## Data shown
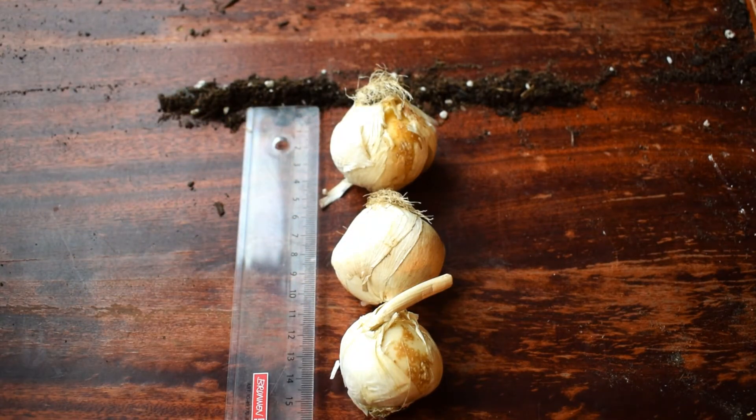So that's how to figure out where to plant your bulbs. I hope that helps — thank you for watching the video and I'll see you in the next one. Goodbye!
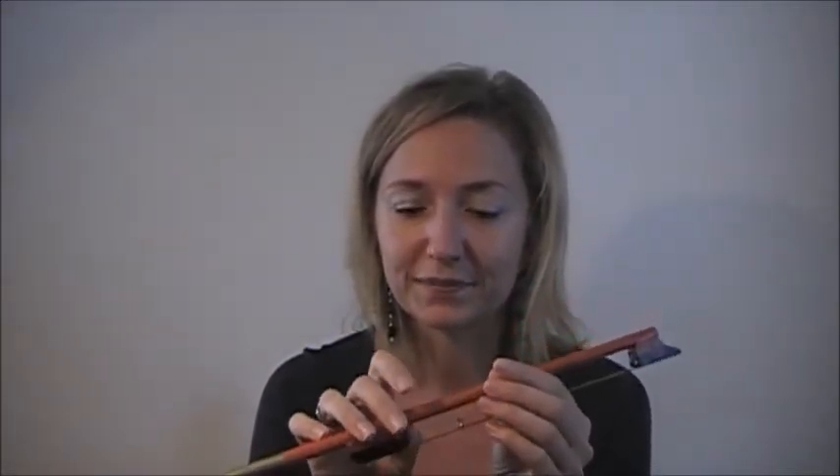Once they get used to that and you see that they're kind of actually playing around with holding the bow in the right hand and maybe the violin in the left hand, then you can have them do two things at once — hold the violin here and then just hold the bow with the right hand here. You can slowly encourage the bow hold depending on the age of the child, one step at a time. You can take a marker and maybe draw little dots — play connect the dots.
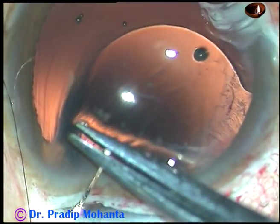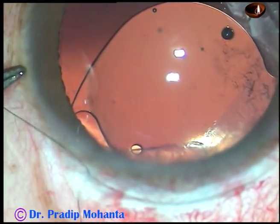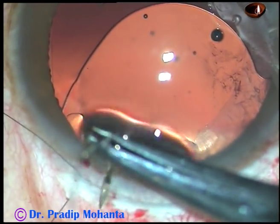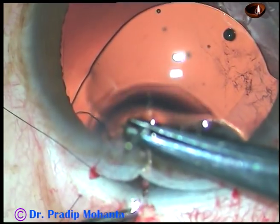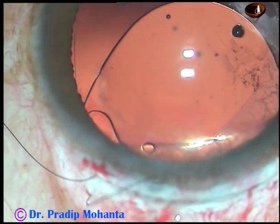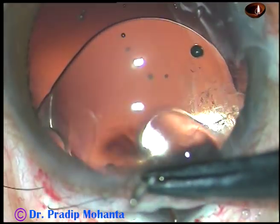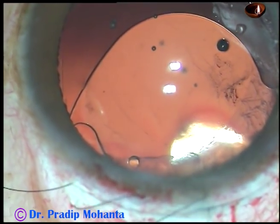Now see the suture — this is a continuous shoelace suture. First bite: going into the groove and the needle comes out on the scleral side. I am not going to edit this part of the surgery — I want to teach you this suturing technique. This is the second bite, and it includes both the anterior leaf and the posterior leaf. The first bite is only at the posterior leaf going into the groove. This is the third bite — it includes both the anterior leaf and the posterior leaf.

* * *

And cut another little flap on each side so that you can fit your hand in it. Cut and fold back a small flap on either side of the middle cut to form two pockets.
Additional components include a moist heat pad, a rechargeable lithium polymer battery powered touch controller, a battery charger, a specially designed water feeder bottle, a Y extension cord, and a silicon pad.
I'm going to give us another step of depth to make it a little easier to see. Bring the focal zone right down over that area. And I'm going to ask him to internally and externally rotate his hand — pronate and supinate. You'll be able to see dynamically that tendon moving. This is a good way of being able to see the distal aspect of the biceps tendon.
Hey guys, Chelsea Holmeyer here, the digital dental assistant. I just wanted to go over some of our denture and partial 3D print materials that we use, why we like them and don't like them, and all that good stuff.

---

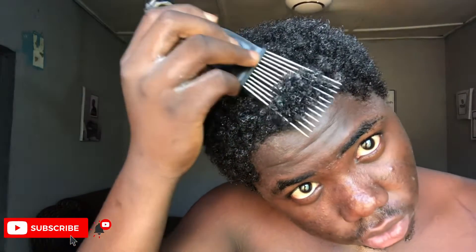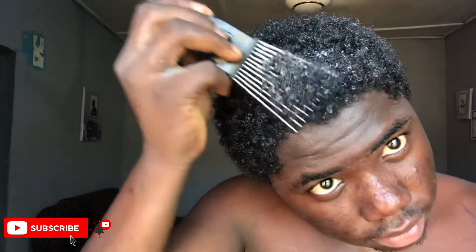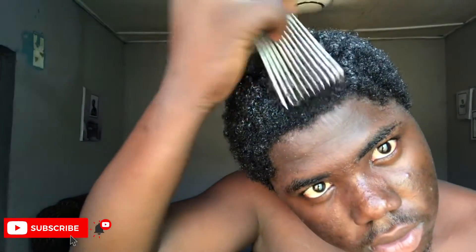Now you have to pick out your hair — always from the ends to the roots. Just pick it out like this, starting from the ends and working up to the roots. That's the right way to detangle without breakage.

## What is being asked
Reproduce exactly the lines of the data above that run from the line with "Once they get" down to the line with "Now see the", both ends included. Pictures do not belong in the copy.

## Written answer
Once they get used to that and you see that they're kind of actually playing around with holding the bow in the right hand and maybe the violin in the left hand, then you can have them do two things at once — hold the violin here and then just hold the bow with the right hand here. You can slowly encourage the bow hold depending on the age of the child, one step at a time. You can take a marker and maybe draw little dots — play connect the dots.
Now see the suture — this is a continuous shoelace suture. First bite: going into the groove and the needle comes out on the scleral side. I am not going to edit this part of the surgery — I want to teach you this suturing technique. This is the second bite, and it includes both the anterior leaf and the posterior leaf. The first bite is only at the posterior leaf going into the groove. This is the third bite — it includes both the anterior leaf and the posterior leaf.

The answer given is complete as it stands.